If we think about this in terms of partial derivatives, we can approximate the change due to $\Delta x$ as the change in $f(x,y)$ per unit change in $x$ (i.e., the partial derivative with respect to $x$), multiplied by $\Delta x$: \(\left.\Delta f(x,y)\right|_{\Delta x} \approx {\partial f \over \partial x} \times \Delta x\) Likewise, the change due to $\Delta y$ as \(\left.\Delta f(x,y)\right|_{\Delta y} \approx {\partial f \over \partial y} \times \Delta y\) Therefore the total change is the sum of these two changes: \(\Delta f(x,y) \approx {\partial f \over \partial x} \times \Delta x + {\partial f \over \partial y} \times \Delta y\) If we divide both sides by $\Delta x$, this becomes \({\Delta f(x,y) \over \Delta x} \approx {\partial f \over \partial x} + {\partial f \over \partial y} \times {\Delta y \over \Delta x}\) As $\Delta x \rightarrow 0$ in the limit, $\Delta y/\Delta x$ approaches the derivative of $y$ with respect to $x$, giving us \(\left.{\partial f \over \partial x}\right|_{y = y(x)} = {\partial f \over \partial x} + {\partial f \over \partial y} \times {dy \over dx}\) This is really just the chain rule: if $y$ changes when $x$ changes, then the total change in $f$ when $x$ changes is the direct effect due to the change in $x$, plus the indirect effect of the change in $y$.

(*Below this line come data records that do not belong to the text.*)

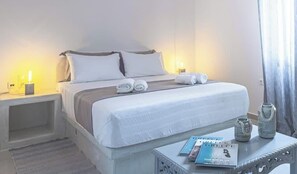 Un lit bien fait, avec des oreillers et une couverture, une table de chevet avec un livre et un vase, et une petite table de nuit avec une lampe.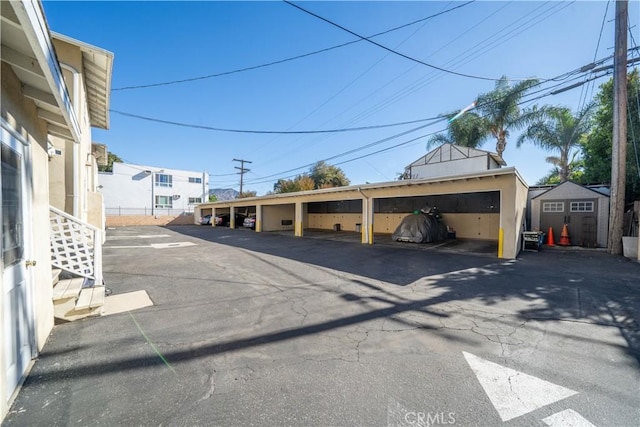 covered parking lot featuring a storage unit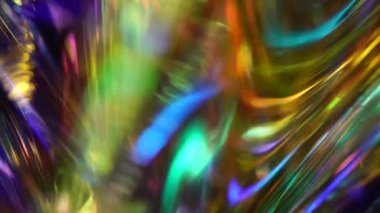 Futuristic glowing neon gold purple pink red blue abstract background. Hologram glitch. Light through a prism and smoke. Lens flare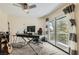 Bright home office with a large desk, ergonomic chair, and balcony access overlooking the backyard at 8713 Nautical Bay Ln, Las Vegas, NV 89117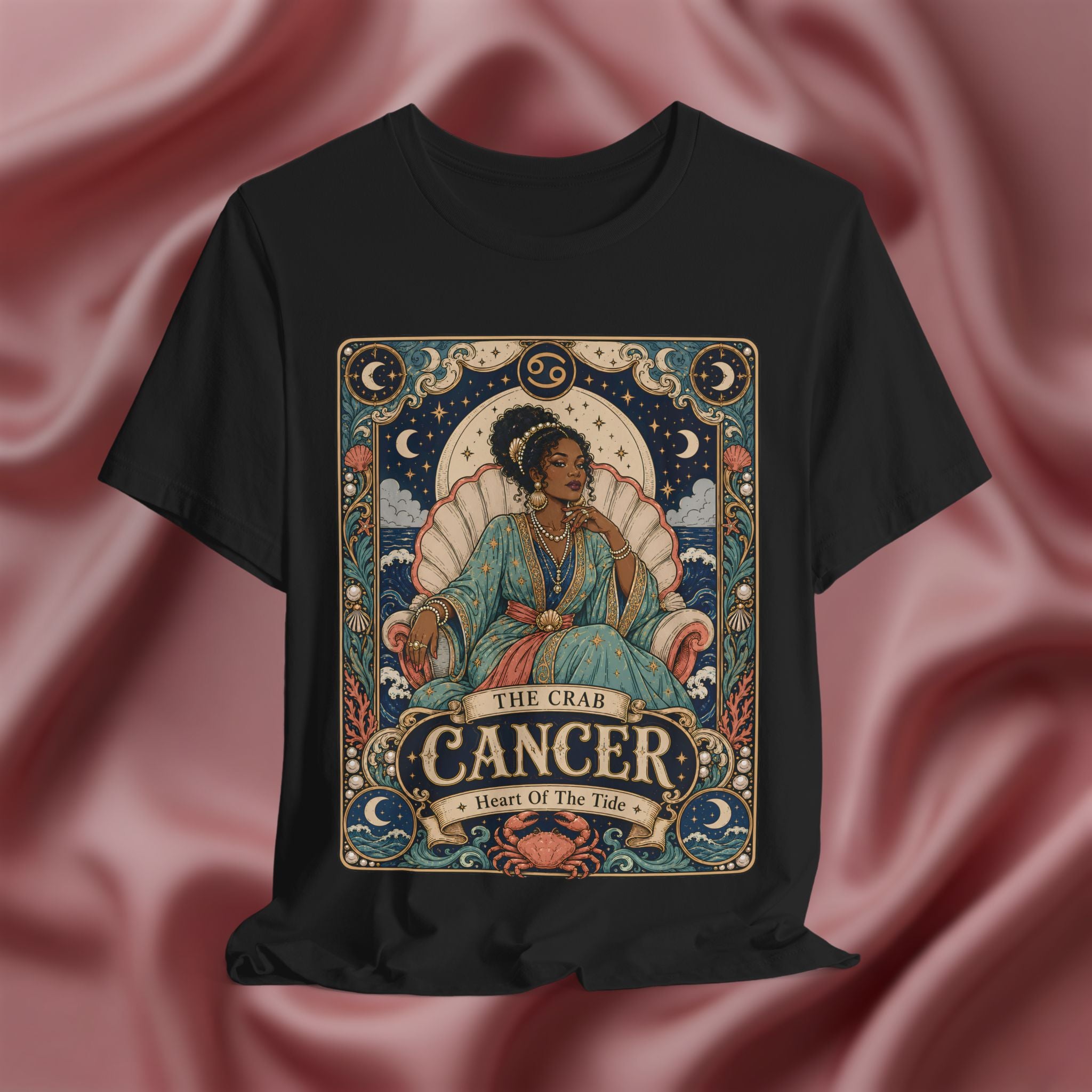 Black t-shirt with Cancer zodiac design on a pink fabric background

The slope along a level set

The above analysis holds for any path along the surface. We can look in particular at the same analysis for a level set, which is implicitly defined by the equation \(f(x,y) = z\) where $z$ is some constant.

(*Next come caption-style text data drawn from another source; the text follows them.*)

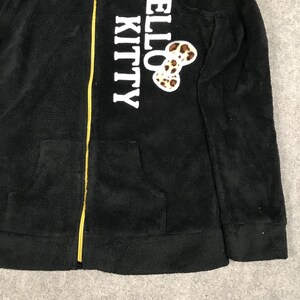 Pu&ograve; includere: Giacca con zip in pile nero con cerniera gialla e logo "Hello Kitty" bianco con fiocco a stampa leopardata.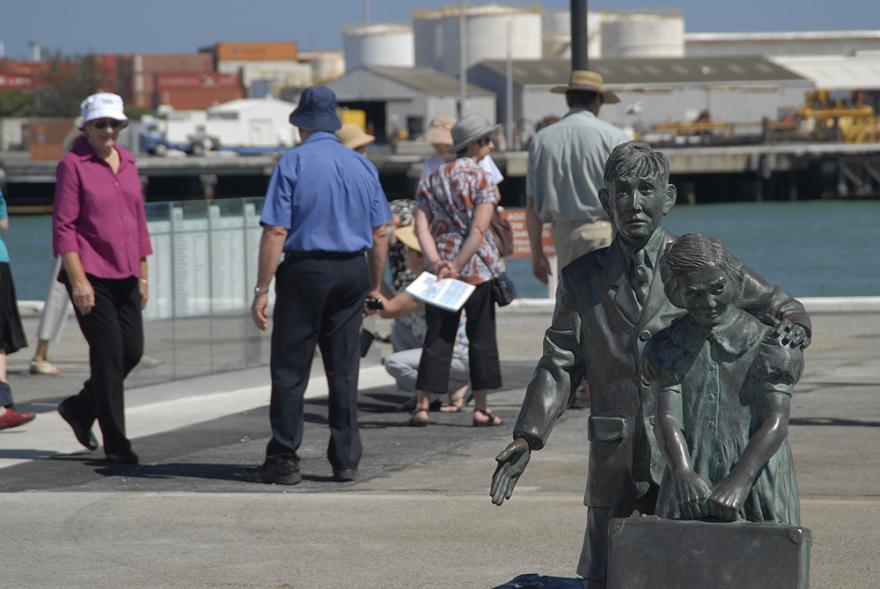 Statue of a boy and girl holding a suitcase at a harbour with people walking nearby.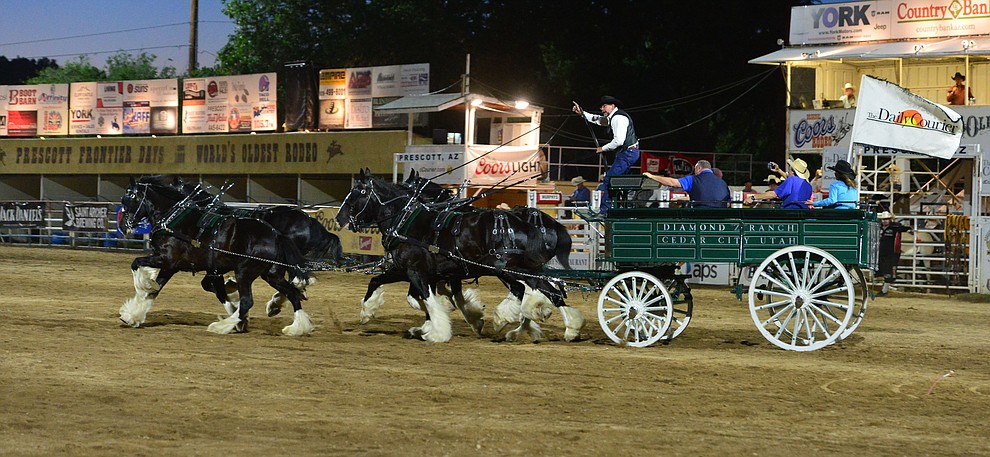 The Diamond Z English Shire Horses thrill the capacity crowd during the first performance of the Prescott Frontier Days Rodeo Monday July 1, 2019. (Les Stukenberg/Courier)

Taking the derivative of both sides of this equation with respect to $x$ gives us \({\partial f \over \partial x} + {\partial f \over \partial y} \times {dy \over dx} = 0\) The left-hand side of the equation comes from the analysis above; the right-hand side is zero because $z$ is a constant. Intuitively, along a level set, we know that the total change is zero: however much $f(x,y)$ increases as a result of $\Delta x$, it decreases by the same amount as a result of $\Delta y$:

As $\Delta x \rightarrow 0$, the blue line becomes a line tangent to the function at the point $(x, y, z)$. This allows us to solve for the slope along a level set at a point, by solving for $dy/dx$: \(\left.{dy \over dx}\right|_{f(x,y) = z} = - {\partial f/\partial x \over \partial f/\partial y}\) We can see if we plot level sets and contour maps, that we can use this formula to define the slope of the level set passing through any point $(x, y, f(x,y))$:

Importantly, note that every point $(x,y)$ defines a level set, and therefore the slope of a level set. No matter where you drag the blue point in this diagram, it defines a purple curve, and there is a line tangent to that curve at that point. Put another way, we can think of the level set itself and the slope of the level set as functions of the point $(x,y)$: \(\begin{aligned} \text{Level set through }(\hat x, \hat y) &= \{(x,y) | f(x,y) = f(\hat x, \hat y)\}\\ \text{Slope of that level set at }(\hat x, \hat y) &= \left.{dy \over dx}\right|_{f(x,y) = f(\hat x, \hat y)} = -{\partial f(\hat x, \hat y)/\partial x \over \partial f(\hat x, \hat y)/\partial y} \end{aligned}\) These expressions will be incredibly important as we evaluate choices economic agents make, so be sure you are fluent in their applications.